After all the rope faff we dropped into the main level on Jug Vein and headed south out of the water for a lunch break. Messing around with the ropes and then sitting around for lunch we got a bit chilled and felt it was high time to get moving. Turning around and heading north we got to the drop in the level that you have to climb down and then we reached the main horse level horizon. In my mind I was thinking it was a relatively short trek until we joined the main vein (as in Brownley Hill), but I think coupled with the fact I was starting to feel really tired it ended up feeling to me like a never ending roof on floor horror show experience.
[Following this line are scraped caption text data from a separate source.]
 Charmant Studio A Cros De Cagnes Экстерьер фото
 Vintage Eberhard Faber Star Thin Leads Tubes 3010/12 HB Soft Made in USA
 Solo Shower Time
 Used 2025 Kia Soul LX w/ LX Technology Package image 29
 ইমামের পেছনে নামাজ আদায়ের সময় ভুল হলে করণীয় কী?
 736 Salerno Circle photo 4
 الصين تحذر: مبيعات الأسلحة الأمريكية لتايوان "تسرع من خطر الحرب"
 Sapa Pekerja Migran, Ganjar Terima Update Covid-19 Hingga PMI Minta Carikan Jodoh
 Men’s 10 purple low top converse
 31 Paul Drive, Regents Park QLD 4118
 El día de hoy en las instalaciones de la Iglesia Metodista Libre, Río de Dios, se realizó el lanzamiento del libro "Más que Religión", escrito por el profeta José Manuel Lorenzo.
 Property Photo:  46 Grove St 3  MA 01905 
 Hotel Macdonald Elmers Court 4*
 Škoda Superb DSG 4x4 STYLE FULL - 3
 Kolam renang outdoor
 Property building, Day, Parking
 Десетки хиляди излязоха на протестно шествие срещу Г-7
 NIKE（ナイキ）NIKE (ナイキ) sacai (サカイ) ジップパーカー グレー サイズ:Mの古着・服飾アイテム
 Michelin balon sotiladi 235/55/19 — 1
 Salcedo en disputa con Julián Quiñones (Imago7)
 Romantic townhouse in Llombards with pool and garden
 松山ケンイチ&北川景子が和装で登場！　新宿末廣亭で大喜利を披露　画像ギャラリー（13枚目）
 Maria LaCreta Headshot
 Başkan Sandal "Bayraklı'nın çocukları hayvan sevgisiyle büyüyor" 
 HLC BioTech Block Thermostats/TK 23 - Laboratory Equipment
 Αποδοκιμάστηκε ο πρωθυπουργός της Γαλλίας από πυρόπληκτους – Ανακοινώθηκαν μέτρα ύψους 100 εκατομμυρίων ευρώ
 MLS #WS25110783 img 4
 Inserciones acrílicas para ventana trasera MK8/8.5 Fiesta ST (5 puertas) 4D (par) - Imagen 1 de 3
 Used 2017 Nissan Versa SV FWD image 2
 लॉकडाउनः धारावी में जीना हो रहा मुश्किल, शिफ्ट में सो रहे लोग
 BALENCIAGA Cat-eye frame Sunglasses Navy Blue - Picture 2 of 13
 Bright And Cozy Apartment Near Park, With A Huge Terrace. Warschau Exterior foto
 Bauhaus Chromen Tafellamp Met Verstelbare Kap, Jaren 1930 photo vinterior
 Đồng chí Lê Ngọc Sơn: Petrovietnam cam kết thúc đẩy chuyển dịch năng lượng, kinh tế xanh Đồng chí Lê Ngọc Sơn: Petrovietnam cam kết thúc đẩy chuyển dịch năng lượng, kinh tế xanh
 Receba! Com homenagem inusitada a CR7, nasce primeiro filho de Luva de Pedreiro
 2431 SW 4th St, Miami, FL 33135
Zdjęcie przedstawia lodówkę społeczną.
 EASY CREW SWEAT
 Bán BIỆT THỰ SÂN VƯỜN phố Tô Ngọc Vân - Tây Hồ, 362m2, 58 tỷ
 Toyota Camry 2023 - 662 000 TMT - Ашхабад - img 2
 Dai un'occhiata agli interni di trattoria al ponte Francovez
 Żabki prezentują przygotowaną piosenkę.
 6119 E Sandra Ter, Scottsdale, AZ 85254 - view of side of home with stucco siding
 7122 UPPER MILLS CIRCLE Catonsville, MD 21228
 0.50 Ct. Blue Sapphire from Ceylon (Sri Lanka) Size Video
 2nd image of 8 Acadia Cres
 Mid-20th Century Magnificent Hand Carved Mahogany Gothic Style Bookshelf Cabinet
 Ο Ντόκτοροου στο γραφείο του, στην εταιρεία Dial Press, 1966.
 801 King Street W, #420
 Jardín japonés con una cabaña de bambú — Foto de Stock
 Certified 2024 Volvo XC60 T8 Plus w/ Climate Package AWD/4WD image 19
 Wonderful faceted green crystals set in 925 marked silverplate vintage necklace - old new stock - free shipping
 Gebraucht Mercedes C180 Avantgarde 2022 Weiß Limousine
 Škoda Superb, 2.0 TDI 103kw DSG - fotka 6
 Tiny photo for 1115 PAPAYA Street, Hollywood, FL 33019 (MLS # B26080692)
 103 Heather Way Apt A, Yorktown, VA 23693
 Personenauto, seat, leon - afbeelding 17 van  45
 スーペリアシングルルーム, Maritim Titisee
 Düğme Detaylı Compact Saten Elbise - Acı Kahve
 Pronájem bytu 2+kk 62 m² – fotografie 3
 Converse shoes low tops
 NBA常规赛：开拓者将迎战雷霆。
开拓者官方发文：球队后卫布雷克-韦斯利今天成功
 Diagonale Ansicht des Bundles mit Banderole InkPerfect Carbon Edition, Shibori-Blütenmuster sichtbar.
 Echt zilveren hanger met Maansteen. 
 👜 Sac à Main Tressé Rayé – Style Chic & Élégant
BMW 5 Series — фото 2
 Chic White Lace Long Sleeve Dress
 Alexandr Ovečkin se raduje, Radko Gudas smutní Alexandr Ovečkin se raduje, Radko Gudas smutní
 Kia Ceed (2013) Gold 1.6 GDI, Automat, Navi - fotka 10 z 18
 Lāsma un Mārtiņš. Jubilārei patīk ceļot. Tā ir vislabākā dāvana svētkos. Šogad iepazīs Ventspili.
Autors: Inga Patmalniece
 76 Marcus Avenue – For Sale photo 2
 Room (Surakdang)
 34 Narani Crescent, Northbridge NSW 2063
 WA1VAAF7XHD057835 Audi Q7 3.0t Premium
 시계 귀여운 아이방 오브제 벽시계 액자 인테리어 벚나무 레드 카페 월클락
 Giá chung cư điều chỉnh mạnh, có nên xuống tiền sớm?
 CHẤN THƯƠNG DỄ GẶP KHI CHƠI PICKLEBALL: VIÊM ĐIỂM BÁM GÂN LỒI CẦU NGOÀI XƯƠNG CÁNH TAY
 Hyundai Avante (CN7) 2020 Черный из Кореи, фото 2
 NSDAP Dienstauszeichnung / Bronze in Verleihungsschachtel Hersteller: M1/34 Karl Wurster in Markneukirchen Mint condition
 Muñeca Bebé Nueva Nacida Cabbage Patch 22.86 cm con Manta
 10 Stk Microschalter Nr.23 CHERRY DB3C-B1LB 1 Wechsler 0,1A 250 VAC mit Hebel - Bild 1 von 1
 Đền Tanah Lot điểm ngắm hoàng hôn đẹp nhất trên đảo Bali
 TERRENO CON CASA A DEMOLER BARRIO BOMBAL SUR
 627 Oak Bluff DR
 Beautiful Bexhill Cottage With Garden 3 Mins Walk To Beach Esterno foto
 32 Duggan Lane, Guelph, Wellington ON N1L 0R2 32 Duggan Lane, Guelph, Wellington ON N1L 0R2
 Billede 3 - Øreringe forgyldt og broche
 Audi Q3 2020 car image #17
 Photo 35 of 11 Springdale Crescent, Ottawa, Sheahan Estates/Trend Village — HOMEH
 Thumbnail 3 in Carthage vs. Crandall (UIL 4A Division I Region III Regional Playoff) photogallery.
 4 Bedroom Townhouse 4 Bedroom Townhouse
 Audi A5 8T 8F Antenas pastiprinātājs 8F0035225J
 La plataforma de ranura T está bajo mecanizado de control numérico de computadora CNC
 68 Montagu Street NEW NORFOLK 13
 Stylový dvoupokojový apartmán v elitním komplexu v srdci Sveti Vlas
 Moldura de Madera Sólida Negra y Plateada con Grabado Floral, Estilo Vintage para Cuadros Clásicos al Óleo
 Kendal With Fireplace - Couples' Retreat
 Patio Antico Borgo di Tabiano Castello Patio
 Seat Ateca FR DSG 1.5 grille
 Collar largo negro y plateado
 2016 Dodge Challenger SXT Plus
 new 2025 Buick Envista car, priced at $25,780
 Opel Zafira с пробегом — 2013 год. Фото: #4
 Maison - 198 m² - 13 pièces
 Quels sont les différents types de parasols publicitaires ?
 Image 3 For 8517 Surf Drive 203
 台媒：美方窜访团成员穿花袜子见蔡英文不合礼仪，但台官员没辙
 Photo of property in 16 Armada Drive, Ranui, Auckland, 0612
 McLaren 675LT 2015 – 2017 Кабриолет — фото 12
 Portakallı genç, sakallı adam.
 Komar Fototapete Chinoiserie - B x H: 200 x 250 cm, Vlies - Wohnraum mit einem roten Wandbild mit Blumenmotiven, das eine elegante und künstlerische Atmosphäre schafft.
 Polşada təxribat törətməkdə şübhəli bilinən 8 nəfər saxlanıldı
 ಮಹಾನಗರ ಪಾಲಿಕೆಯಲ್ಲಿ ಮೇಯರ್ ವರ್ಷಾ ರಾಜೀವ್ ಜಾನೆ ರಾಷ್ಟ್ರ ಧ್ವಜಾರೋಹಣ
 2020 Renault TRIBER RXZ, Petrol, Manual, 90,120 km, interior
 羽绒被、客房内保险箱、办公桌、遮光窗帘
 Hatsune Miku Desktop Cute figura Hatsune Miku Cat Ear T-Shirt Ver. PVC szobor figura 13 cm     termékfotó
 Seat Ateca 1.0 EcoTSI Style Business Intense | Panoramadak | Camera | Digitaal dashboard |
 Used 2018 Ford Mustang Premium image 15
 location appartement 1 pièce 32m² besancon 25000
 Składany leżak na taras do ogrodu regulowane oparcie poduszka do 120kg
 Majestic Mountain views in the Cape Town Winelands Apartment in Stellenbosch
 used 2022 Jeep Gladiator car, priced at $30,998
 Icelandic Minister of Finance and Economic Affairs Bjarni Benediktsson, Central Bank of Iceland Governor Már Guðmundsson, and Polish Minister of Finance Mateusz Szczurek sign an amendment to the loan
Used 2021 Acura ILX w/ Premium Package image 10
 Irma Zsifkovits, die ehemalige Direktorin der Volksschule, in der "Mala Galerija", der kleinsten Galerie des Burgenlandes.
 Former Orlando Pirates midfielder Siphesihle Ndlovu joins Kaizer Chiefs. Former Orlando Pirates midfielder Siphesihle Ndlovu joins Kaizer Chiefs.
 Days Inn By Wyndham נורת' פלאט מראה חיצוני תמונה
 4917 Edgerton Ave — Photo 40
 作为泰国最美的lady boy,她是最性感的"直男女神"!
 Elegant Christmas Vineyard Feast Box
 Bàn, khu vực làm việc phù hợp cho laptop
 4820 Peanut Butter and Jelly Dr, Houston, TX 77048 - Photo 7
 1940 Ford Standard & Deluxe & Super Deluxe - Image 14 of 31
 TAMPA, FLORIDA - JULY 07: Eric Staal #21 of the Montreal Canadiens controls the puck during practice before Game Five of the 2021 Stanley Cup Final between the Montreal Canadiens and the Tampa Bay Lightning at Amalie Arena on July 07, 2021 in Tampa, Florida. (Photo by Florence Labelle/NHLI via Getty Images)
Irrespective of how I felt there was new material on the floor all over in this part of the mine, not particularly inspiring to me or Karli - a lot of it hadn't even seen traffic. To top it all off, having reached the first junction - a cross roads, I was convinced it was a left, left my arse - we ended up grovelling to a forehead for a total of around 400m there and back - arrgggghhhh. Returning back to the junction we turned left (as if carrying on straight) and eventually came to the Brownley Hill Vein and the promise of a relatively fall free exit. Catching my breath (Karli seemed to be fine) here and having some choc's we both decided that there's no need to this trip again.

The last time we had done this round trip was March 2014, and passing through the falls on the main vein to get out was a bit of a mind bender for me. I don't think anything had really changed apart from the fresh falls on the connection from Jug to Brownley Hill Vein, but what had changed was my exposure to this type of ground. Years back, I had been going along this part of the mine for many trips when exploring the big stopes on the West High Cross Vein and thought nothing of it - desensitisation by exposure, but not really having done that much in the meantime it all was a bit like being a newbie being dropped in the deep end.

Finally, we reached the junction with Guddhamgill Burn Cross Vein and it all felt safer with the exit not far to go. I felt battered that evening and the following next few days.